Chief Executive Sarah Jane Williamson said reaching the 1000th rescue was a stark reminder of the specialist care the charity must still provide.
“Fuzzy Bear’s foal is doing well now, but only thanks to the lifesaving treatment she received in our care and with the help of the veterinary teams. We thank everyone for their donations and messages of support recently, and we want Fuzzy’s Bear’s foal to be named by our supporters to demonstrate our heartfelt appreciation.
“We knew complications were more likely with our recent foals, as all their mothers were rescued from a case where the owner was prosecuted for causing unnecessary suffering to animals,” Williamson said.
She said the charity’s work to rescue, rehabilitate and retrain horses and ponies who have experienced neglect and abuse has changed considerably in recent years, with the rise in the intake of groups of horses and ponies from difficult and complex rescue situations, often in collaboration with other charities.
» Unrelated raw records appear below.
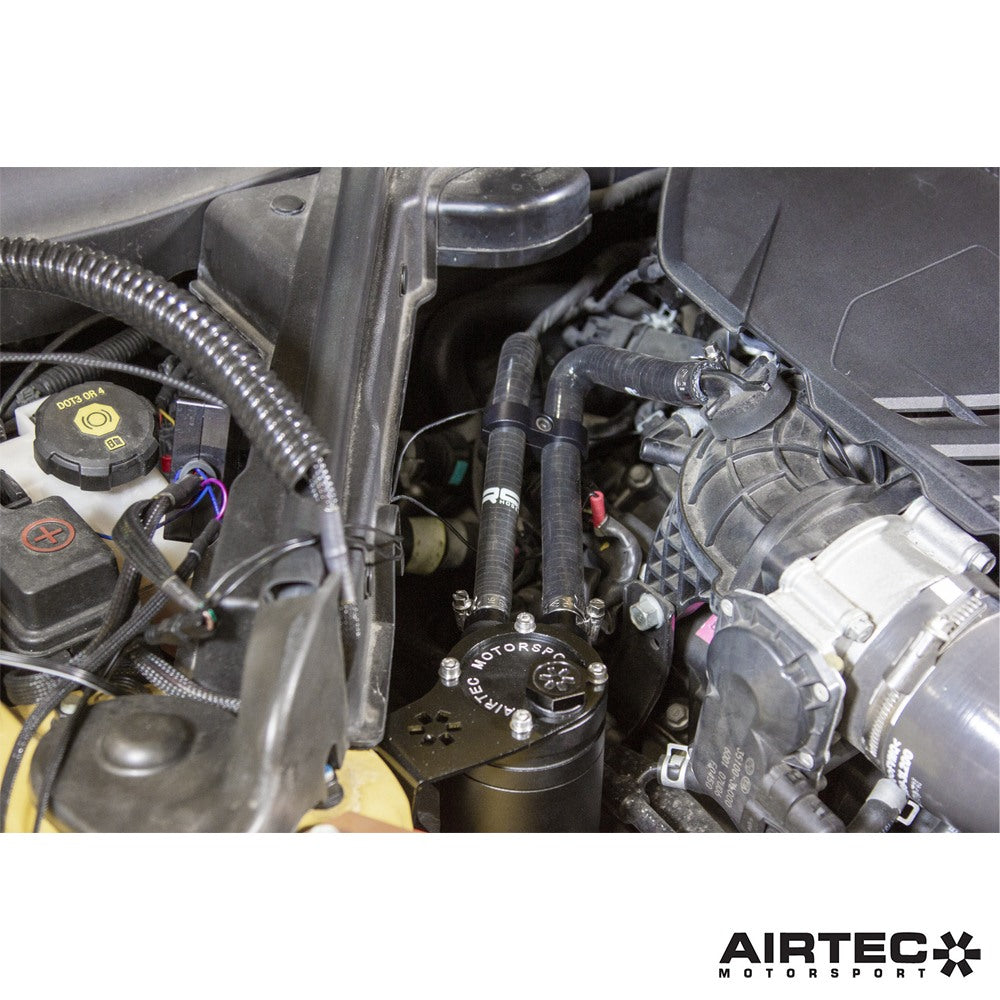 AIRTEC MOTORSPORT CATCH CAN FOR KIA STINGER GT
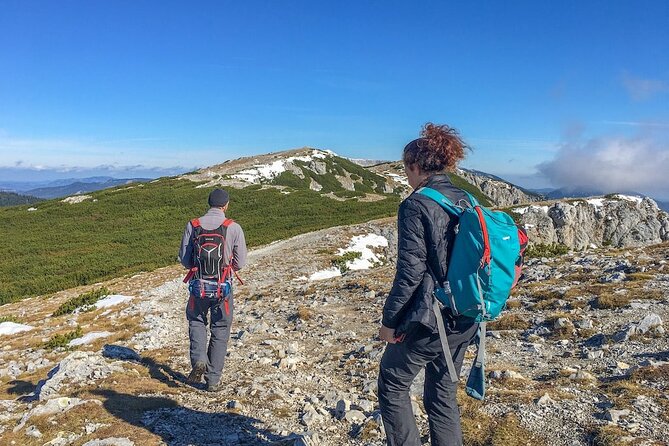 Hike the Viennese Alps Like Freud - Booking and Meeting Point Details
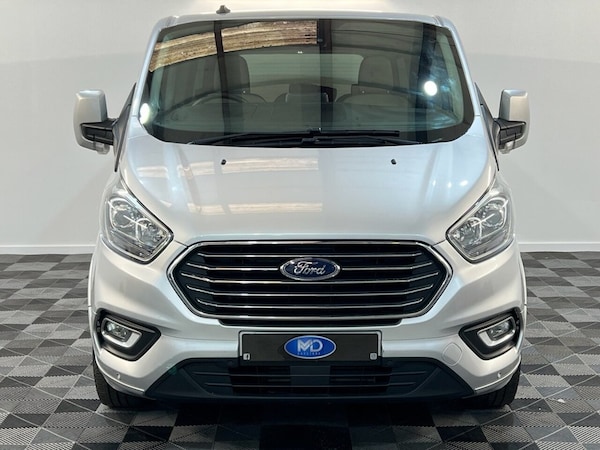 Used Ford Tourneo Custom 2022 for sale - 75728172: Photo 12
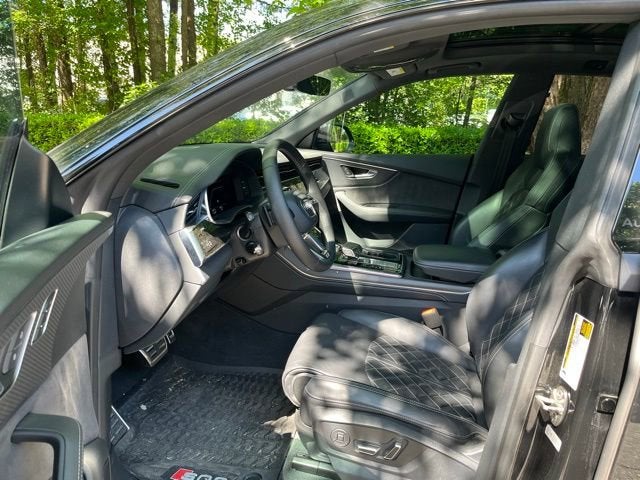 2024 Audi SQ8 Premium Plus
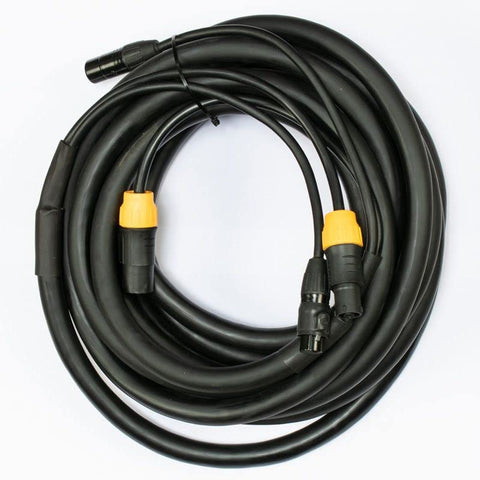 AC5PTRUE25 25 FOOT 5pin IP65 XLR DMX cable
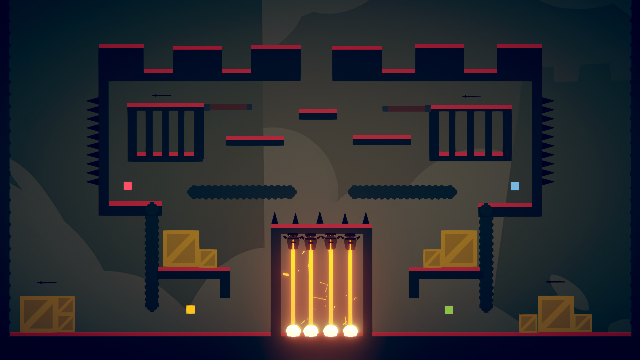 The Factory Castle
Today, it is responsible for the lifelong care of 671 equines, with 225 cared for at its sanctuaries in Devon and 446 on loan to carers. In 2019, The Mare and Foal Sanctuary took in 50 horses and ponies.
• Fuzzy Bear arrived at the Sanctuary with Lotte and Taylor. Lotte gave birth to Lio on April 23 and the birth was captured on film. Taylor’s foal, named Tulip, was born on April 25.